Extracted entries |
----

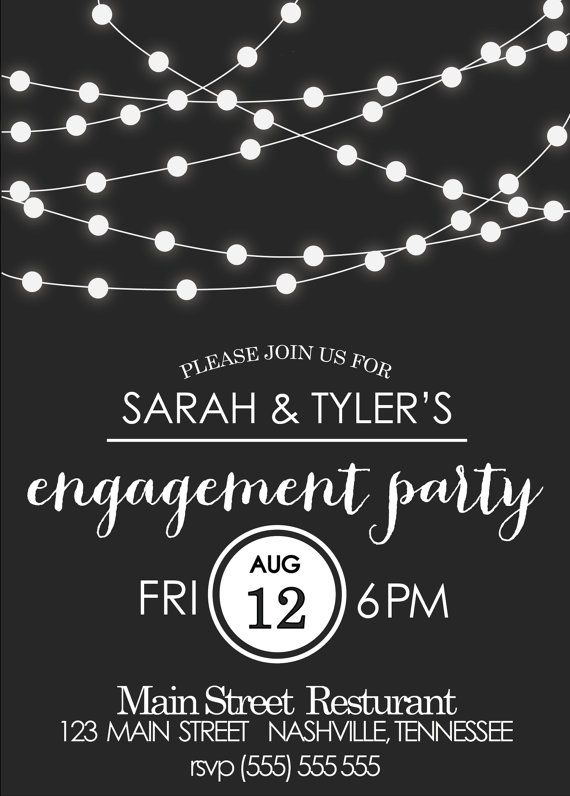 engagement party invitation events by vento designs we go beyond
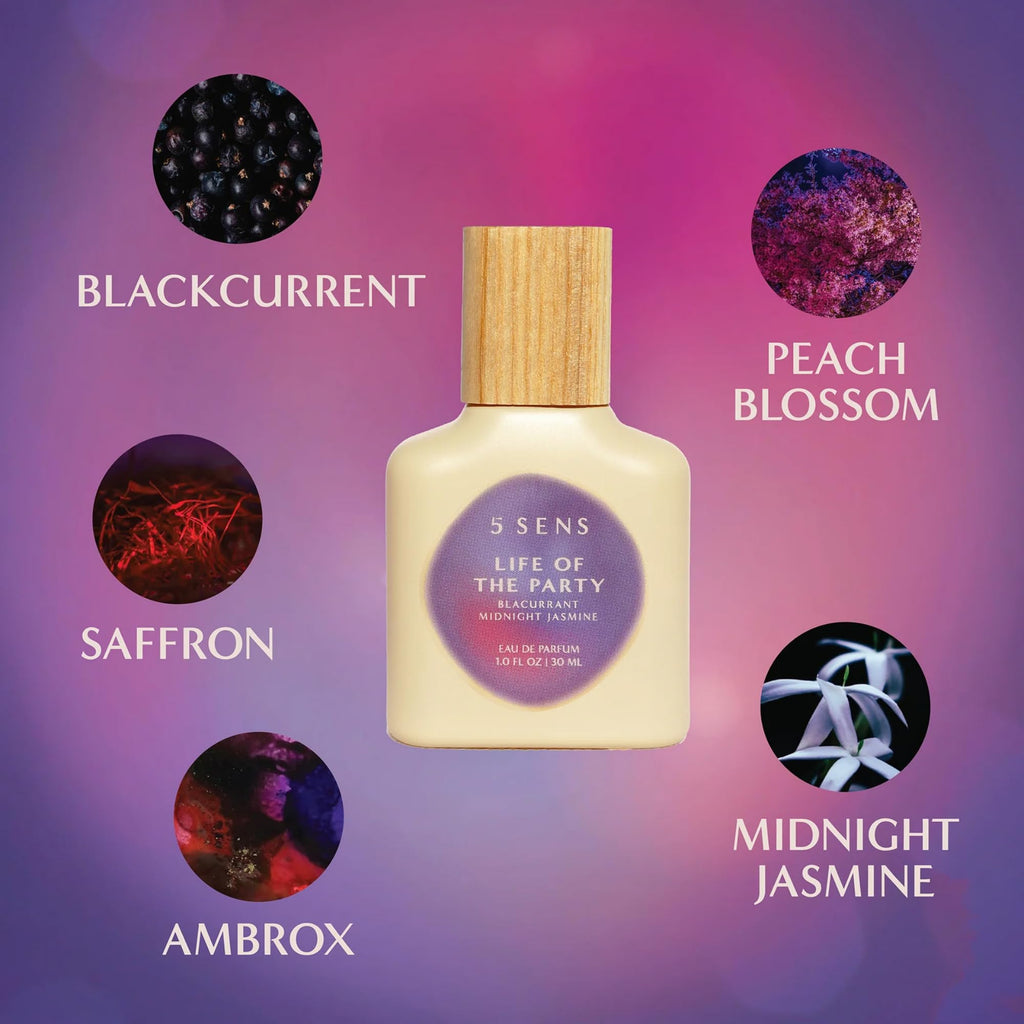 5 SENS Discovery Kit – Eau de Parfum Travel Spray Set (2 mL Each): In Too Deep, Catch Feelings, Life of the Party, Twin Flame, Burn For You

----

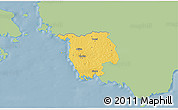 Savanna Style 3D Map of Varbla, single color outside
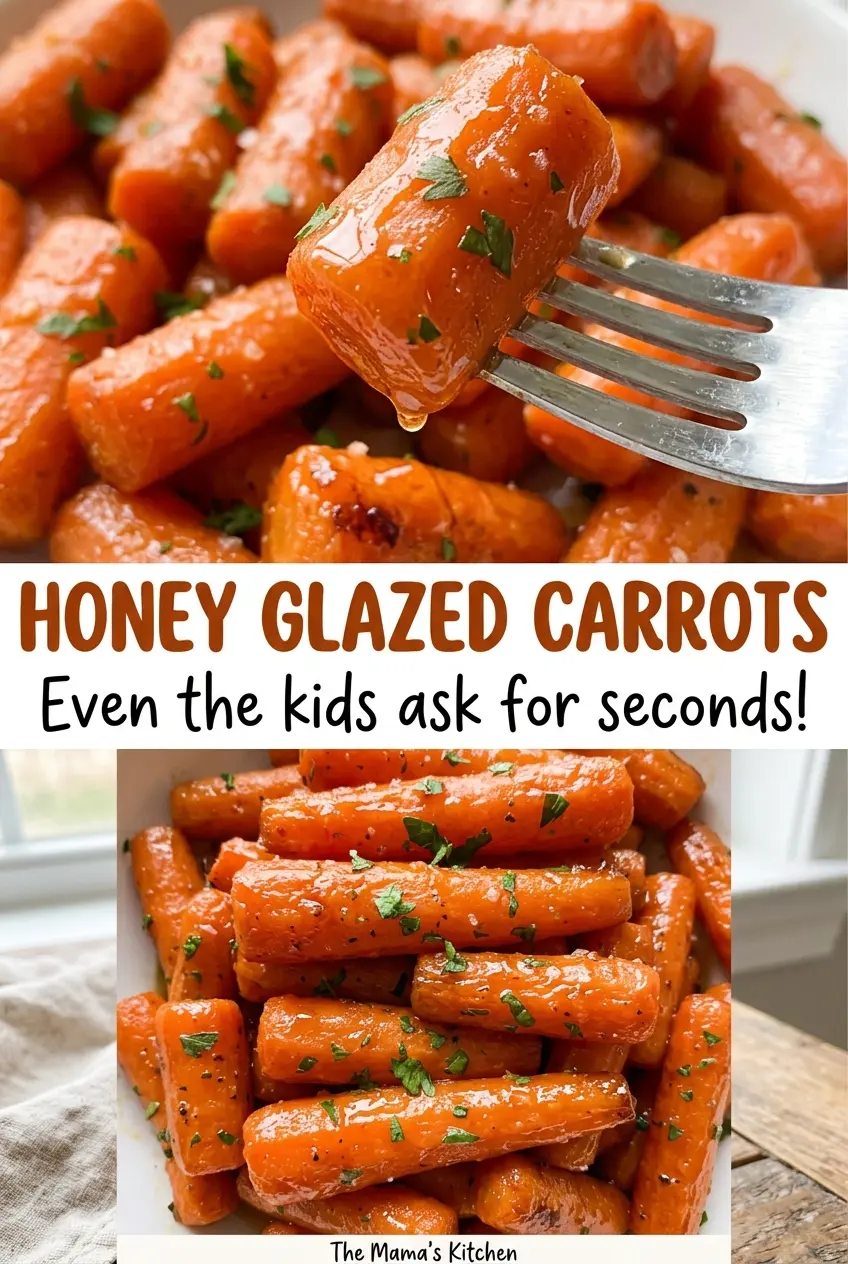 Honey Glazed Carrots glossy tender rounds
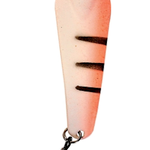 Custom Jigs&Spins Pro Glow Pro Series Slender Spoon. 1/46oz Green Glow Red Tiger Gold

----

Taking the entries above, extract every line from the one bearing "Honey Glazed Carrots glossy tender rounds" through the one bearing "Custom Jigs&Spins Pro", exactly, with no pictures.

Answer for the task |
 Honey Glazed Carrots glossy tender rounds
 Custom Jigs&Spins Pro Glow Pro Series Slender Spoon. 1/46oz Green Glow Red Tiger Gold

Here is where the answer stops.